Background: Neuroblastoma is an aggressive childhood malignancy of the sympathetic nervous system. Despite multi-modal therapy, survival of high-risk patients remains disappointingly low, underscoring the need for novel treatment strategies. The discovery of ALK activating mutations opened the way to precision treatment in a subset of these patients. Previously, we investigated the transcriptional effects of pharmacological ALK inhibition on neuroblastoma cell lines, six hours after TAE684 administration, resulting in the 77-gene ALK signature, which was shown to gradually decrease from 120 minutes after TAE684 treatment, to gain deeper insight into the molecular effects of oncogenic ALK signaling.

Aim: Here, we further dissected the transcriptional dynamic profiles of neuroblastoma cells upon TAE684 treatment in a detailed timeframe of ten minutes up to six hours after inhibition, in order to identify additional early targets for combination treatment.
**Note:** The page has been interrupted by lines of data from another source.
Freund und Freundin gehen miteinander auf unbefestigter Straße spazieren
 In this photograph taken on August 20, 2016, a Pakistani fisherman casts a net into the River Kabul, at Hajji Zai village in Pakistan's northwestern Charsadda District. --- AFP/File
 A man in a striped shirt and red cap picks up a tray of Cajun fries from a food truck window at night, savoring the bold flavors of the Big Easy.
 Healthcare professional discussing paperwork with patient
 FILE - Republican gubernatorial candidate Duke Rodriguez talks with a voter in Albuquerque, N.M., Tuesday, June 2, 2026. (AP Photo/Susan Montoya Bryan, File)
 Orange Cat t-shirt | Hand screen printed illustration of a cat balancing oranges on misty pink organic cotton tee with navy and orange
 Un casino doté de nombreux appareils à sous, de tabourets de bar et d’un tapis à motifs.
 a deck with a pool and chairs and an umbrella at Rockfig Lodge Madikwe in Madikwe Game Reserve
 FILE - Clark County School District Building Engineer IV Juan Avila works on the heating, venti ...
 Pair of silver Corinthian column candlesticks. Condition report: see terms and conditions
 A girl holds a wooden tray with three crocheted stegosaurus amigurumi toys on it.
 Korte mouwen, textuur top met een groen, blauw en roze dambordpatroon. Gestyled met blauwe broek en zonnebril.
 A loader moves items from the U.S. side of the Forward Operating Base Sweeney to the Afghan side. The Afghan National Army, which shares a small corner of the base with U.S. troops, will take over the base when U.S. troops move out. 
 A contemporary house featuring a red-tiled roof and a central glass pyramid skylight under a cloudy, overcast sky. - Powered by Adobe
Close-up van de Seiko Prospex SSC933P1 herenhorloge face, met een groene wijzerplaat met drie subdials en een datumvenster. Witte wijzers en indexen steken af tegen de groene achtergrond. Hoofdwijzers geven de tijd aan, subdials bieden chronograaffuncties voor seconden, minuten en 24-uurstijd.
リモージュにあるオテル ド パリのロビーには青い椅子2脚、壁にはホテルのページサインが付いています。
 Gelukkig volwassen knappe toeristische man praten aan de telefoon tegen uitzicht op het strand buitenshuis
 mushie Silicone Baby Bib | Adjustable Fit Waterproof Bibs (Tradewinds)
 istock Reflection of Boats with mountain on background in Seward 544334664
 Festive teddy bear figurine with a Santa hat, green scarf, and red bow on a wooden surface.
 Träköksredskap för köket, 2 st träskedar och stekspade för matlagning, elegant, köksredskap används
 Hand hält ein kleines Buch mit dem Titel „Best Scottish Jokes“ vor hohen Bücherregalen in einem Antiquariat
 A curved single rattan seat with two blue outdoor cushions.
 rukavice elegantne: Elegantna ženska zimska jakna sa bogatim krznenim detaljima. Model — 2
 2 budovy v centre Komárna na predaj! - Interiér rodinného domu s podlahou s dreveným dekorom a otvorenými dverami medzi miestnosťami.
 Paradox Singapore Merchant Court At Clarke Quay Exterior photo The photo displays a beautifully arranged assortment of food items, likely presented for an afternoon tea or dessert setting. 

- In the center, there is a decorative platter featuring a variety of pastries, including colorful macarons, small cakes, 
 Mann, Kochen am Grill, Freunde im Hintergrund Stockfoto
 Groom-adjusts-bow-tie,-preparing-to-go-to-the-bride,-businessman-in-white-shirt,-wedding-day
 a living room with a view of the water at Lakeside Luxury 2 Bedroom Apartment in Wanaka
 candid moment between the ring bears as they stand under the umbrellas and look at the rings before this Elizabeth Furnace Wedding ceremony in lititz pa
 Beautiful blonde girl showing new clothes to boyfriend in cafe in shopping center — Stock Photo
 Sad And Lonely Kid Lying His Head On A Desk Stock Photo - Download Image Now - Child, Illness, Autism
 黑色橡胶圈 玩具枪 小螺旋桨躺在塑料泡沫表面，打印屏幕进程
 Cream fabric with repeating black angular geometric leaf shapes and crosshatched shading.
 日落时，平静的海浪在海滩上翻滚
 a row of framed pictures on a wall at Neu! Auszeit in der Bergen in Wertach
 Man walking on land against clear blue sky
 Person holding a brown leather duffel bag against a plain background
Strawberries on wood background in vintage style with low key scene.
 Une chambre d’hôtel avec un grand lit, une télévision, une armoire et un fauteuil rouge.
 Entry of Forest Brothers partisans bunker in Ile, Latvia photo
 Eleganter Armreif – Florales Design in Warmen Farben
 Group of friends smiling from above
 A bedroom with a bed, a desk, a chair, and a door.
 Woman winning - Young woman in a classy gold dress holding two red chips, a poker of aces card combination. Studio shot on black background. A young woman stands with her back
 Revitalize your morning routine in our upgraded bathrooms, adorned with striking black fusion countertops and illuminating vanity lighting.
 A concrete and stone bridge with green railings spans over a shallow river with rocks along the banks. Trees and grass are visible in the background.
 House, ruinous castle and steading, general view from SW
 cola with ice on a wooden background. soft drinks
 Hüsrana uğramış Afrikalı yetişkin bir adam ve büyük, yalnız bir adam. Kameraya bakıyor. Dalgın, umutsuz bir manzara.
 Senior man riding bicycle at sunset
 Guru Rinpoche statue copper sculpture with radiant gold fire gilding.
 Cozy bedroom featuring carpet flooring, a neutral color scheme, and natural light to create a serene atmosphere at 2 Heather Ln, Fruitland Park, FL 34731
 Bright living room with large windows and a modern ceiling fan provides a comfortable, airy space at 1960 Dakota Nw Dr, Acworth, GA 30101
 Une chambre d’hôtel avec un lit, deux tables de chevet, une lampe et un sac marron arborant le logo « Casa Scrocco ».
Results: We observed an unexpected initial upregulation of positively regulated MYCN target genes following subsequent downregulation of overall MYCN activity. In addition, we identified adrenomedullin (ADM), previously shown to be implicated in sunitinib resistance, as the earliest response gene upon ALK inhibition.

Conclusions: We describe the early and late effects of ALK inhibitor TAE684 treatment on the neuroblastoma transcriptome. The observed unexpected upregulation of ADM warrants further investigation in relation to putative ALK resistance in neuroblastoma patients currently undergoing ALK inhibitor treatment.